BU OTORİTER REJİME EN BÜYÜK CEVAPIMIZ BU YEREL SEÇİMLERDE OLACAK: Hepinizin bildiği gibi ülkenin demokratikleşmesinin önündeki en büyük engellerden biri yerelde güçlenen yerel yönetimlerin olmayışıdır. Şu anda geldiğimiz nokta öyle ki, 2016 yılında başlayan kayyum uygulamaları, bırakın mevcut yerel yönetimlerin normal işleyişini, başta Kürt halkının ve kadınların olmak üzere yerel yönetimlerde seçme ve seçilme hakkını ortadan kaldırmıştır. Yani diyorlar ki; Size kayyum atayarak, siz kendinizi yönetemezsiniz, seçilmişlerin yerine atanmışlar yönetecek diyorlar. Bunu kabul etmek mümkün değil. Bu ülkede seçme ve seçilme hakkı çok erken elde edilmiştir. Geriye düşen bu otoriter rejime en büyük cevabımız bu yerel seçimlerde olacaktır. Belediyeleri sadece kapalı kapılar ardındaki bir idare olarak algılayanlar, onları sadece belediye binası olarak gören ve onların o odalardaki iş kısmından oluştuğunu düşünenler şunu bilmelidir; Halkın kendi kendini yönetme şekli aslında halkın doğrudan öz örgütlenmesi ve kendi yaşam alanlarında, mahallelerinde, şehirlerinde, kentlerinde. İhraç edilen belediye başkanlarımız ve meclis üyelerimiz bugüne kadar hep bu görev bilinciyle çalışmalarını sürdürdüler.
BİRLİKTE YÖNETMEK İSTİYORUZ: Bize sorulan en temel sorulardan biri HEDEP olarak yerel seçimlerde ne yapacaksınız, nasıl bir strateji izleyeceksiniz.

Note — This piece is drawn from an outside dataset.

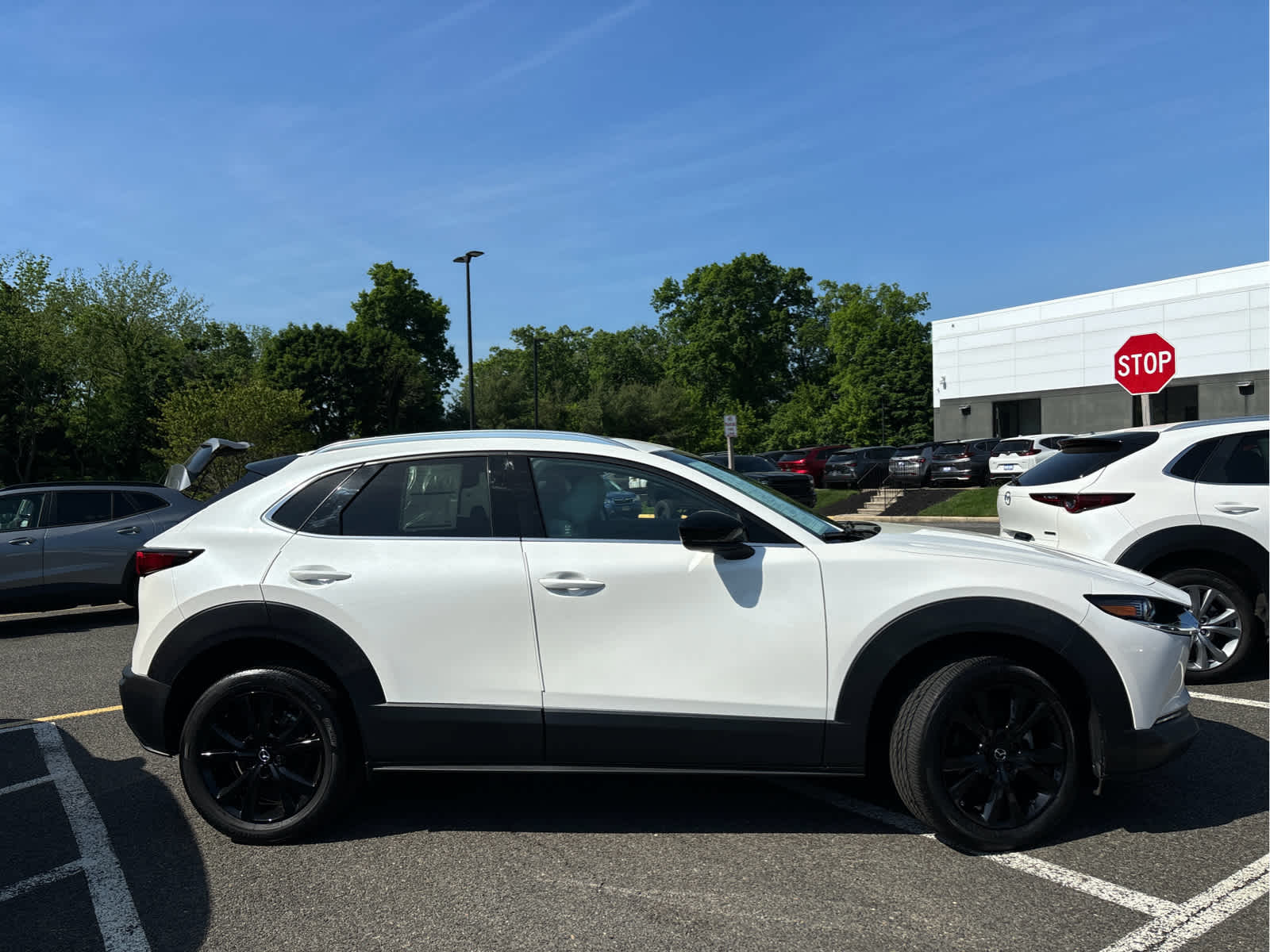 2024 Mazda Mazda CX-30 2.5 Turbo Premium Package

Bu konuda esasen temel prensiplerimiz var. Bu unsurların ışığında yer alacağız. En önemlisi belediyelerimizi kayyımların elinden geri alacağız. Belediyelerimize yeni belediyeler ekleyeceğiz ve Türkiye geneline dair yerel bilgiler sunacağız. oy 2019 yılında stratejimize devam edip etmeyeceğimiz sorusuna verebileceğimiz en temel cevap, sadece zarara uğratma odaklı bir politikanın şu an için bize yetmeyeceğidir. Birlikte yönetmeyi hedefliyoruz. Ne olursa olsun sadece birinin kaybetmesini sağlamak üzerine kurguladığımız 2019 stratejimiz gerçek olsa da bunu daha detaylı ele almayı planlıyoruz. Bu nedenle kadın atölyelerimiz Amed, Mardin, Van ve İstanbul’da gerçekleştirilecek. Bu çalıştaylarda nasıl bir yerel yönetim modeli ve nasıl bir strateji izleyeceğimize hanımlarla birlikte karar vereceğiz. “Bu çalıştayların ardından düzenleyeceğimiz konferansta temel stratejimizi belirleyip kamuoyuna gerekli bilgileri sunacağız.”